■ SUPPLIED DATA:
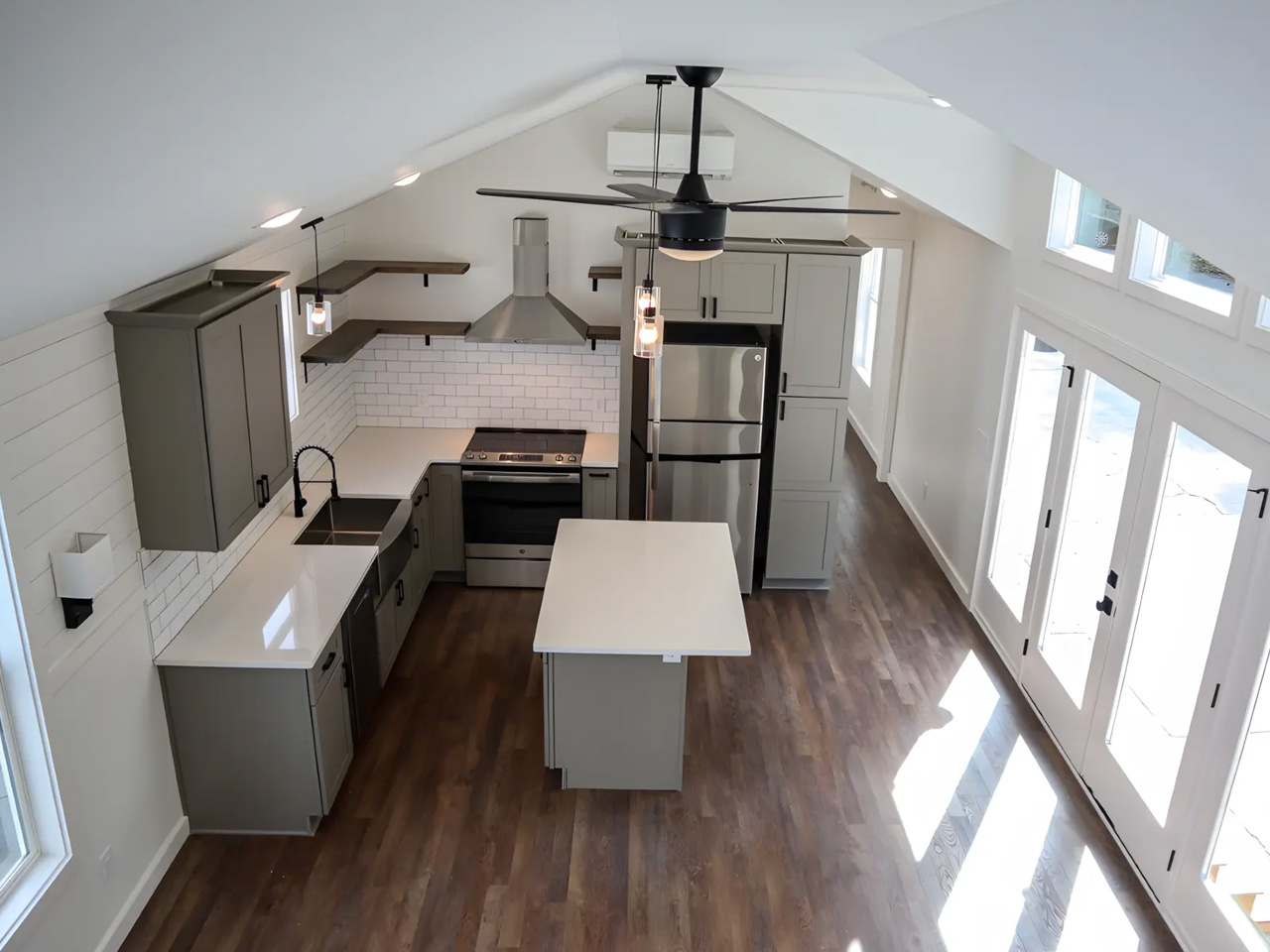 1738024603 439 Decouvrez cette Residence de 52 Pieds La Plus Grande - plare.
--
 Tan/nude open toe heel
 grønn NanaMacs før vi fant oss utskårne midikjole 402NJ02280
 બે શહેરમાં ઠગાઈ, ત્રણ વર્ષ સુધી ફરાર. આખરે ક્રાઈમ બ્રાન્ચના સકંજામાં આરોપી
...
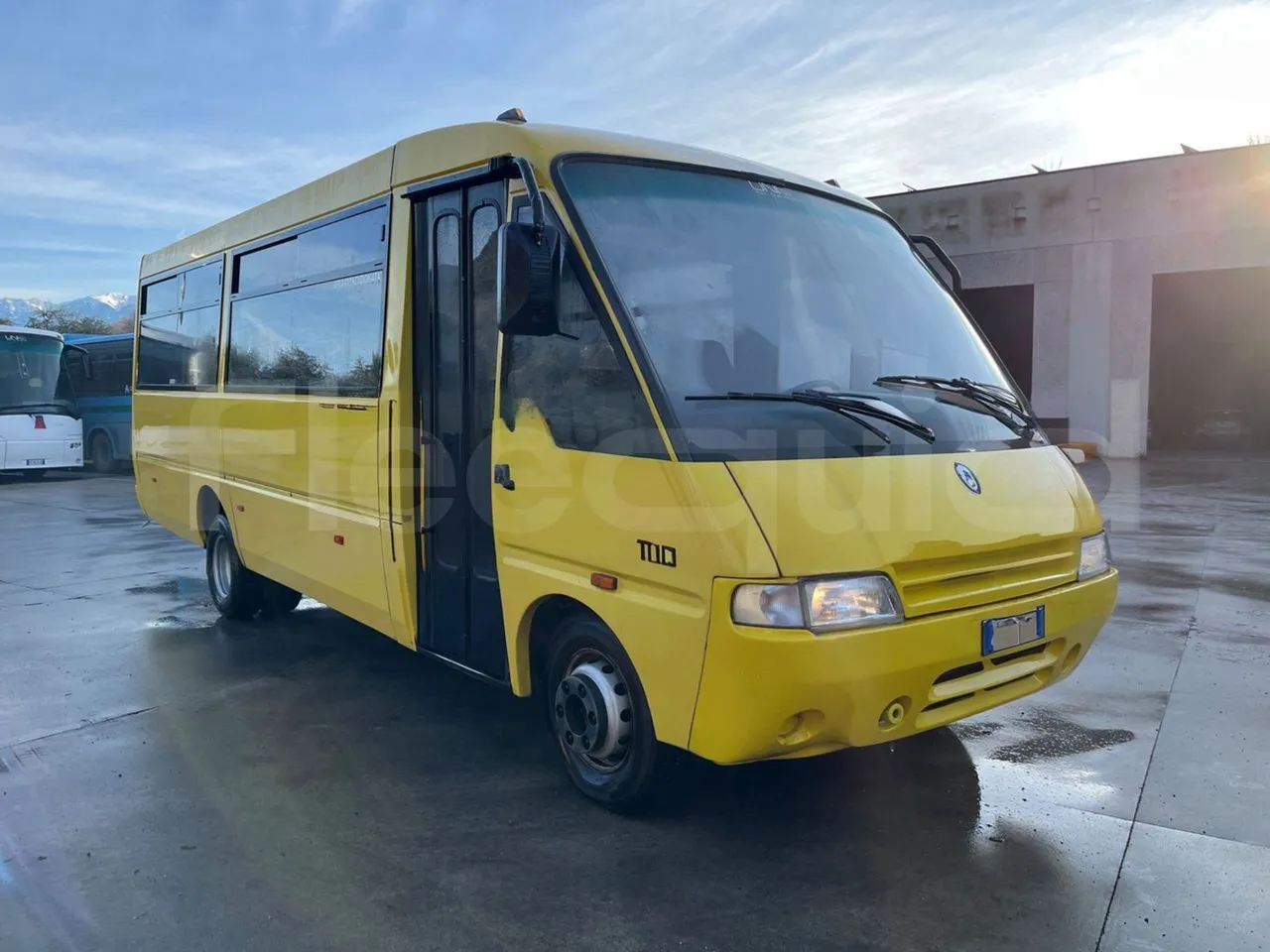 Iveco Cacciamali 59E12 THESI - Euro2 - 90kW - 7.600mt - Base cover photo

■ WORK TO BE COMPLETED: Of the lines above, output exactly those from the line bearing "Tan/nude open toe heel" through the line bearing "બે શહેરમાં ઠગાઈ, ત્રણ", inclusive.

■ SOLUTION:
 Tan/nude open toe heel
 grønn NanaMacs før vi fant oss utskårne midikjole 402NJ02280
 બે શહેરમાં ઠગાઈ, ત્રણ વર્ષ સુધી ફરાર. આખરે ક્રાઈમ બ્રાન્ચના સકંજામાં આરોપી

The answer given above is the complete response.